> _PROBLEM TO SOLVE_: What you should repeat is the run of lines from the top of the listing below through the line with "It says the", exactly, with no pictures.

> _INPUT DATA_:

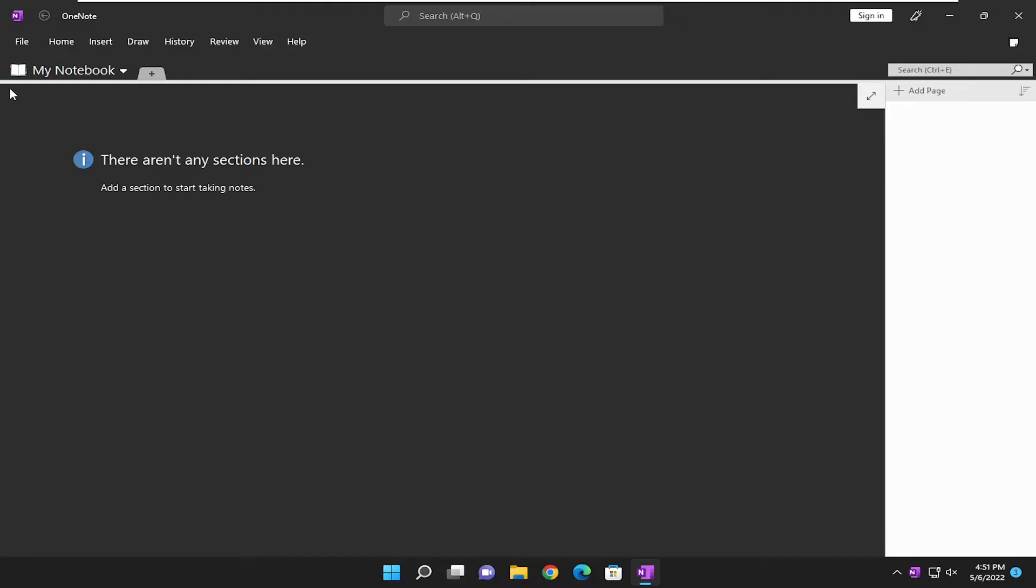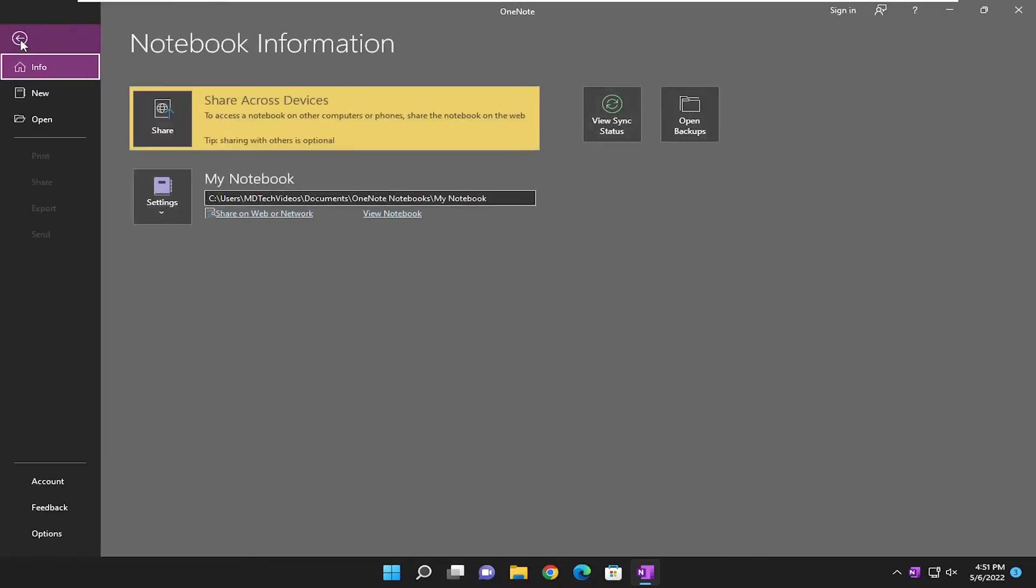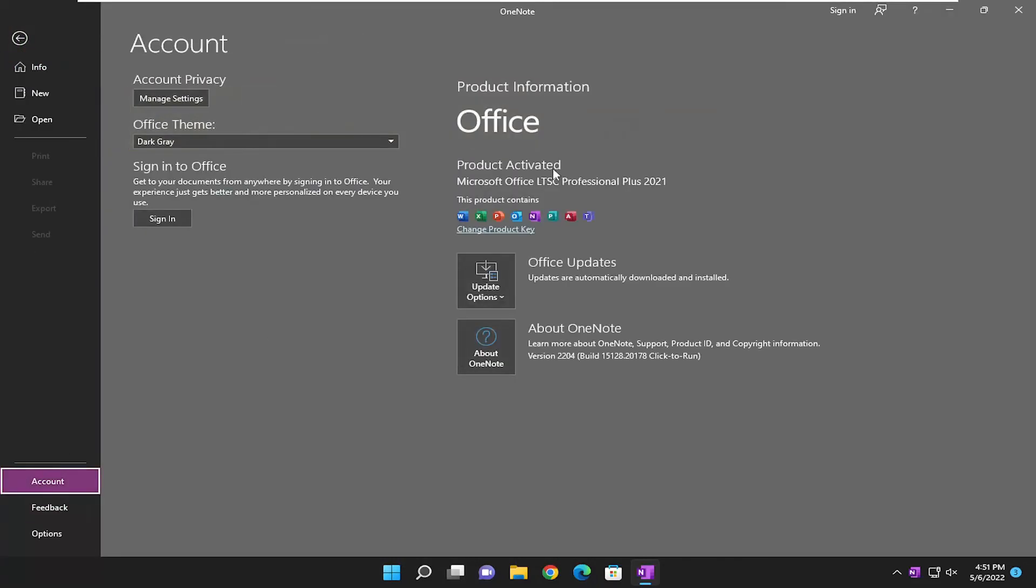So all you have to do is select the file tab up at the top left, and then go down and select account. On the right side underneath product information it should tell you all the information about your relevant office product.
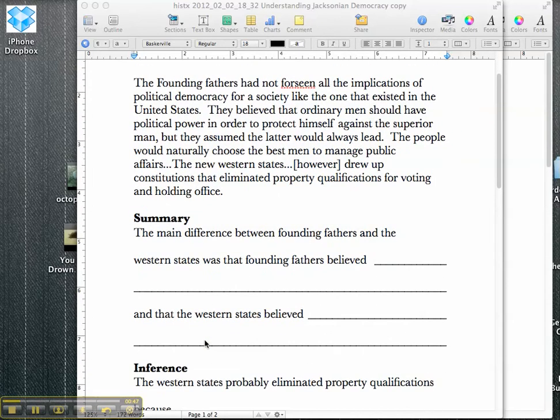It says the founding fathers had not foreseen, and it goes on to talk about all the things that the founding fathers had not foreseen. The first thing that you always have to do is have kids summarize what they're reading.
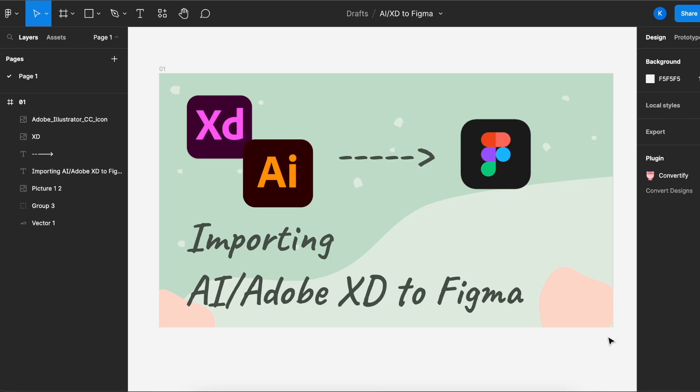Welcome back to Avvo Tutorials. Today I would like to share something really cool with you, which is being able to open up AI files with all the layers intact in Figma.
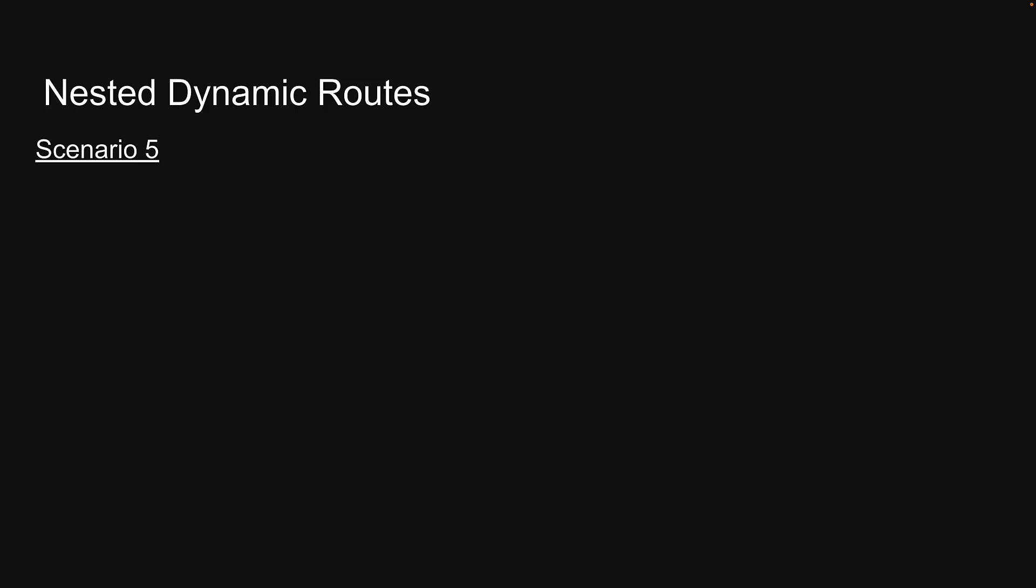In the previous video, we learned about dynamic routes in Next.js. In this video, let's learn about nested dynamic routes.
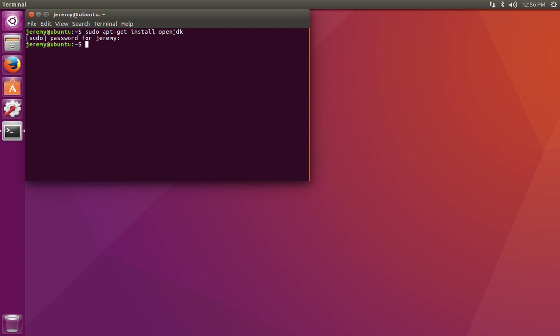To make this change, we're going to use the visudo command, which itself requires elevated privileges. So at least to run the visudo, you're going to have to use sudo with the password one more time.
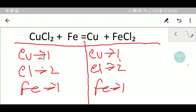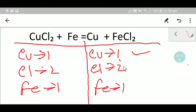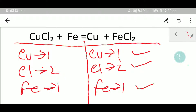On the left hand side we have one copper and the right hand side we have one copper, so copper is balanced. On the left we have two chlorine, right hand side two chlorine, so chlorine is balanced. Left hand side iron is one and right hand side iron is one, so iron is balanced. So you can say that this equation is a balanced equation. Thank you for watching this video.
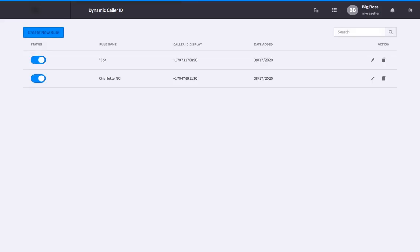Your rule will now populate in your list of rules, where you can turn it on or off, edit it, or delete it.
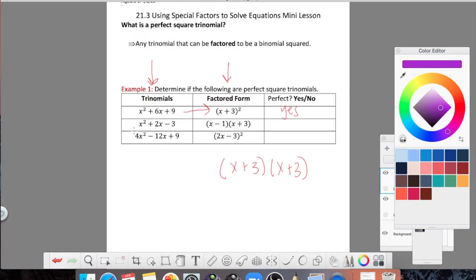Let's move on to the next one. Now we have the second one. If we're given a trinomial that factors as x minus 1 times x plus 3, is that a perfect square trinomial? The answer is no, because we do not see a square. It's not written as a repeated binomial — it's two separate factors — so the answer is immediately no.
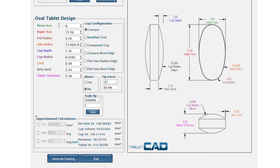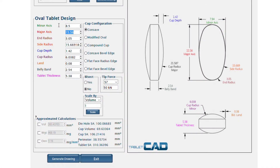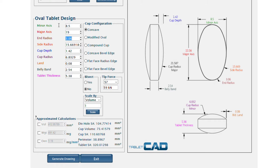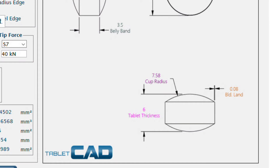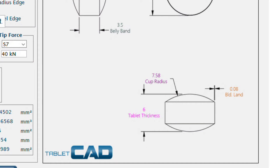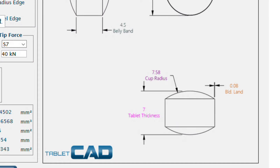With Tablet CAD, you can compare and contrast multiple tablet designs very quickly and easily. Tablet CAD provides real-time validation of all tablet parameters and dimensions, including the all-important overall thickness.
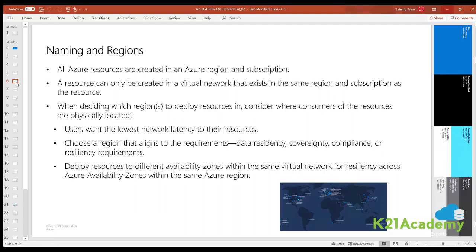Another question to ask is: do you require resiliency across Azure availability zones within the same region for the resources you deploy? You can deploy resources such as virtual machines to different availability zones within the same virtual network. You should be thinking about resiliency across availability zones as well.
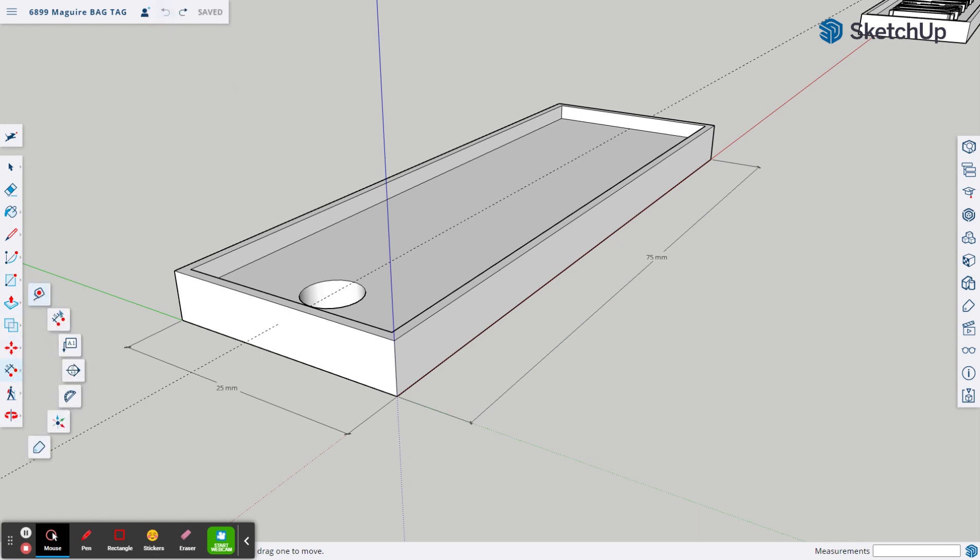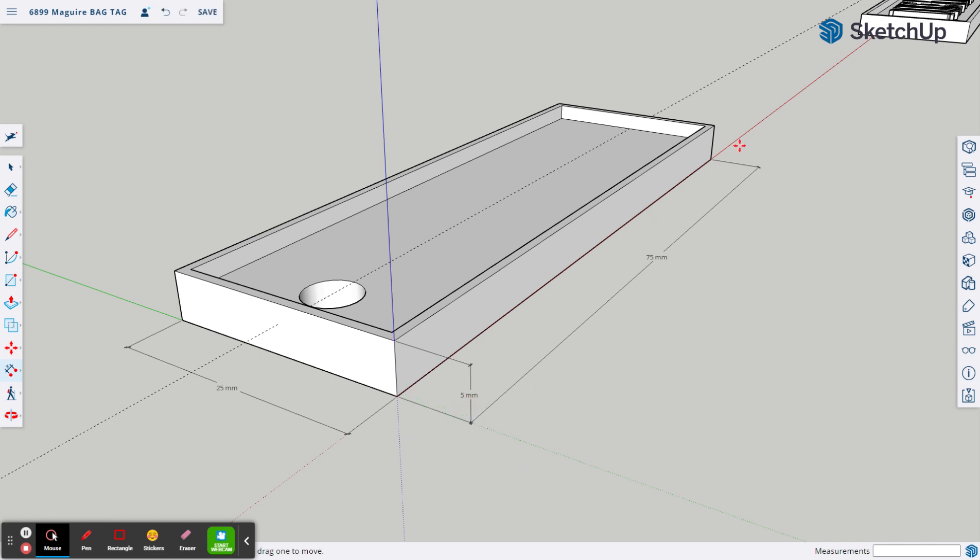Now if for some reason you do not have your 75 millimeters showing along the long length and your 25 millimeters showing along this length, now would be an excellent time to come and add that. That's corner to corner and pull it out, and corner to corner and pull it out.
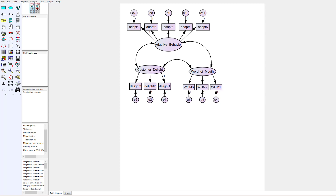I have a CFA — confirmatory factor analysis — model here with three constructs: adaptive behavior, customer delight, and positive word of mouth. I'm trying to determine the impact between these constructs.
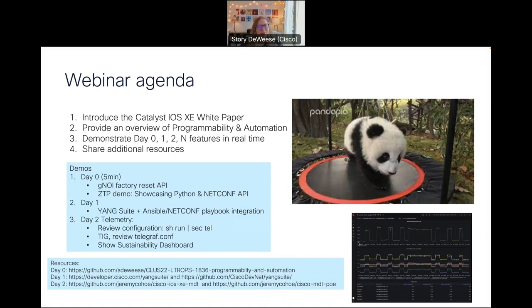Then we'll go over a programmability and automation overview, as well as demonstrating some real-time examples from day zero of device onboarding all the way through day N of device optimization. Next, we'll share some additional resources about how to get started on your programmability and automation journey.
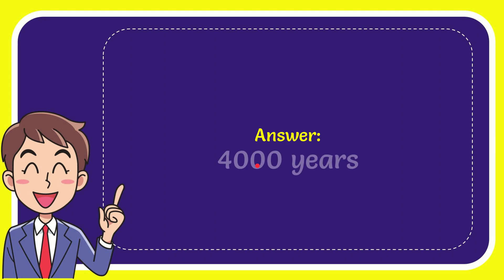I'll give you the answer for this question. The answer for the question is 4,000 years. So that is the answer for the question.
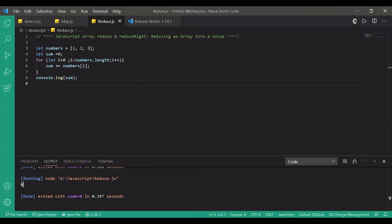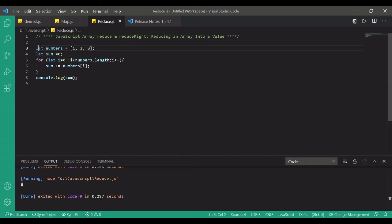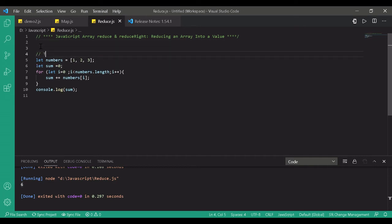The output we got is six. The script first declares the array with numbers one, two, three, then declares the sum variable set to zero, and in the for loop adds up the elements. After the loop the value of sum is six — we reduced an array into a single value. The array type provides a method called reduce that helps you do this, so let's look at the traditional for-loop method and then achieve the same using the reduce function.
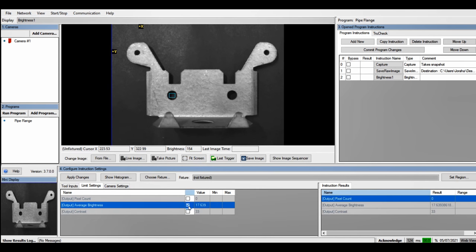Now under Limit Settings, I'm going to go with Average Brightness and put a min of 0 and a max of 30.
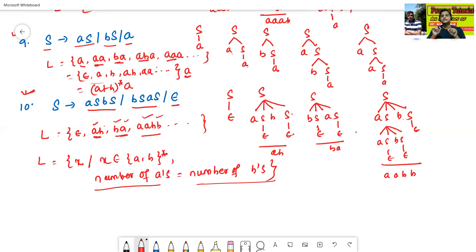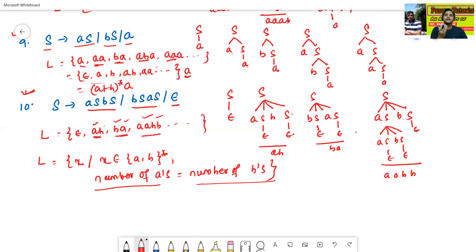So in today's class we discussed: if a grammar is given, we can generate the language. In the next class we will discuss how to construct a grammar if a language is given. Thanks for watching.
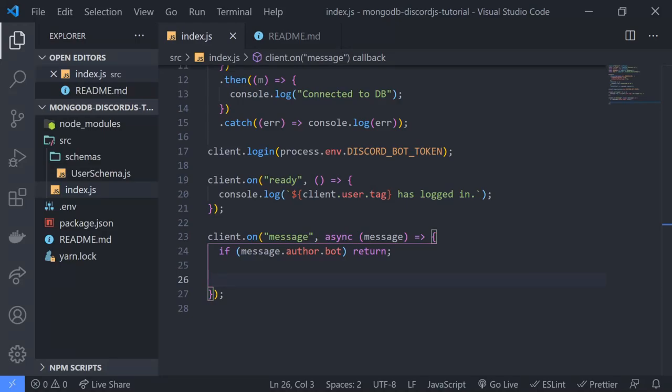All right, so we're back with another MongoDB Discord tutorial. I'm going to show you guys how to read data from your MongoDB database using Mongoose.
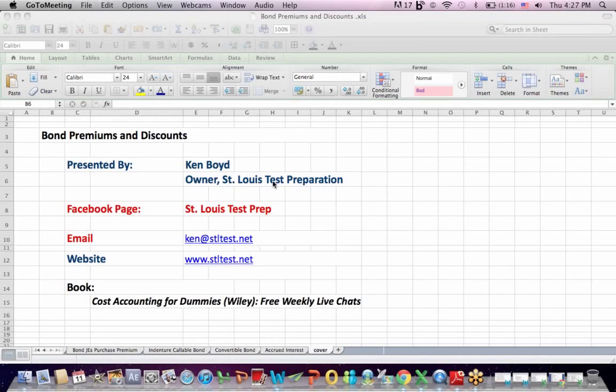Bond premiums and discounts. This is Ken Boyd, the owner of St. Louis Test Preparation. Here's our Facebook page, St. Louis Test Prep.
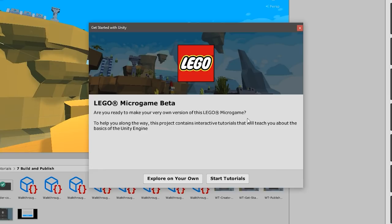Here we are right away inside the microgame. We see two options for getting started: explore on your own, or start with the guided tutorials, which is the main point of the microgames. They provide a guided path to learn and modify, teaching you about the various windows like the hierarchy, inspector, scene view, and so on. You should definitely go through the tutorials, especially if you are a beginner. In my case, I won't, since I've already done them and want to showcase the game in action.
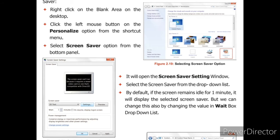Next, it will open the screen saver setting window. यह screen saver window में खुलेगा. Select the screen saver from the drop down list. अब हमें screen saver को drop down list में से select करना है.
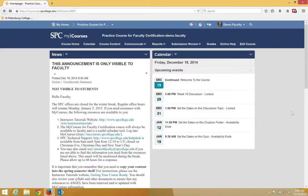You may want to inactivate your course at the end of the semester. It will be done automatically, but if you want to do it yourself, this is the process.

> _FINISHED TASK_:
So all you have to do is select the file tab up at the top left, and then go down and select account. On the right side underneath product information it should tell you all the information about your relevant office product.
It says the founding fathers had not foreseen, and it goes on to talk about all the things that the founding fathers had not foreseen. The first thing that you always have to do is have kids summarize what they're reading.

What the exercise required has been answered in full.